Your MTTD Looks Great. Your Post-Alert Gap Doesn't
Robert Moore ·
Listen to this article~4 min

Your MTTD might look great, but the post-alert gap—the time between detection and containment—is where attackers thrive. With average breakout times under 30 minutes, closing this gap is your real security priority.
You've been tracking your Mean Time to Detect (MTTD) like a hawk. Maybe it's down to 15 minutes, or even 5. That's impressive, no doubt. But here's the uncomfortable truth: that metric is lying to you. It's telling you you're safe when a much scarier number is hiding in the shadows—the post-alert gap.
Let me explain. Imagine you're a security analyst at a mid-sized firm. You get an alert at 2:00 PM. Your MTTD says you detected the threat in under 10 minutes. Great, right? But then it takes your team another 45 minutes to actually investigate, triage, and contain the breach. That 45 minutes is your post-alert gap. And in the world of modern cyber threats, 45 minutes is an eternity.
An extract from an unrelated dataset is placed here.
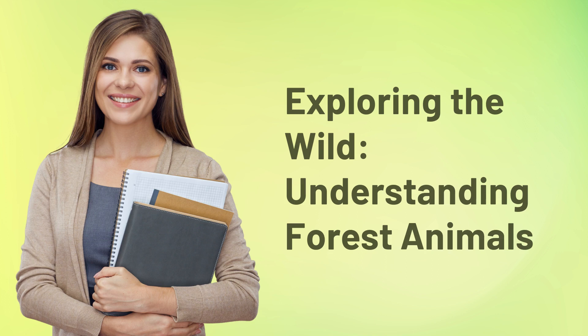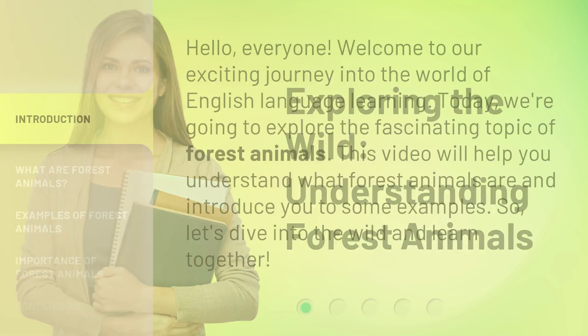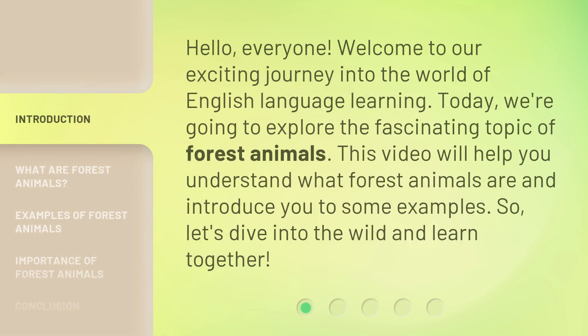Exploring the Wild, Understanding Forest Animals. Hello, everyone. Welcome to our exciting journey into the world of English language learning. Today, we're going to explore the fascinating topic of forest animals. This video will help you understand what forest animals are and introduce you to some examples. So, let's dive into the wild and learn together.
### The Real Cost of the Post-Alert Gap
This gap isn't just a minor inconvenience. It's the window where attackers do the most damage. According to CrowdStrike's 2026 Global Threat Report, the average eCrime breakout time is now just 29 minutes. That means from the moment an attacker gains initial access, they can move laterally, escalate privileges, and exfiltrate data in under half an hour. If your post-alert gap is longer than that, you're already toast.
Palo Alto Networks' Wendi Whitmore recently warned that AI-driven threats are accelerating this timeline even further. She noted that capabilities like Anthropic's Mythos Preview model, which autonomously found and exploited zero-day vulnerabilities in every major operating system and browser, are just weeks or months from widespread proliferation. These tools don't need human intervention to find holes. They just need a few minutes.

### Why Traditional Metrics Fail
Here's the problem: most security teams optimize for detection speed, not response speed. They invest millions in SIEMs, EDRs, and threat intelligence feeds to catch alerts faster. But they neglect the human and process side of the equation. Once the alert fires, the clock starts ticking on a different race—one your team might be losing.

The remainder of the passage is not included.